- Born: 13 January 1959 (age 67) Kaltungo, Gombe State
- Education: University of Maiduguri

= Ibrahim Abubakar Njodi =

Nigerian professor of health education

Ibrahim Abubakar Njodi (born January 1959) is a Nigerian Professor of Health education and immediate past Vice Chancellor of the University of Maiduguri. He assumed office as Vice Chancellor of the University on June 3, 2014 and prior to his appointment, he was the Deputy Vice Chancellor of the university.
Prof Ibrahim Njodi was appointed Secretary to the Gombe State government by Governor Inuwa Yahya immediately after his tenure elapsed as the Vice Chancellor of University of Maiduguri.

== Education ==
Ibrahim Abubakar Njodi went to L.E.A Primary School in Kaltungo from 1967 to 1973, and then ECWA Primary School in Kaltungo from 1973 to 1975. From 1975 to 1980, he attended the government teacher's college in Jama'are, Bauchi state. He earned his bachelors degree in Physical and Health Education in 1985, from University of Maiduguri. Later, from 1988 to 1991, he pursued his master's degree in health education at the same university.
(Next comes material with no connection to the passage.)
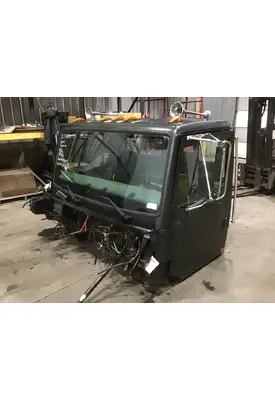 FREIGHTLINER FL80 Cab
From 2000 to 2003, he pursued his Ph.D. in public health education at the famous University of Nigeria, Nsukka.

== Career ==
He joined the civil service as a Graduate Assistant with University of Maiduguri in 1987. Njodi served as acting Dean of the Faculty of Education from 2008 to 2010, and was then elected substantive Dean of the same faculty in 2010. He was named Deputy Vice Chancellor (Academic Services) in 2010 and Vice Chancellor from June 2014 to June 2019. Presently, Professor Ibrahim Abubakar Njodi is the Secretary to the State Government (SSG) of Gombe State.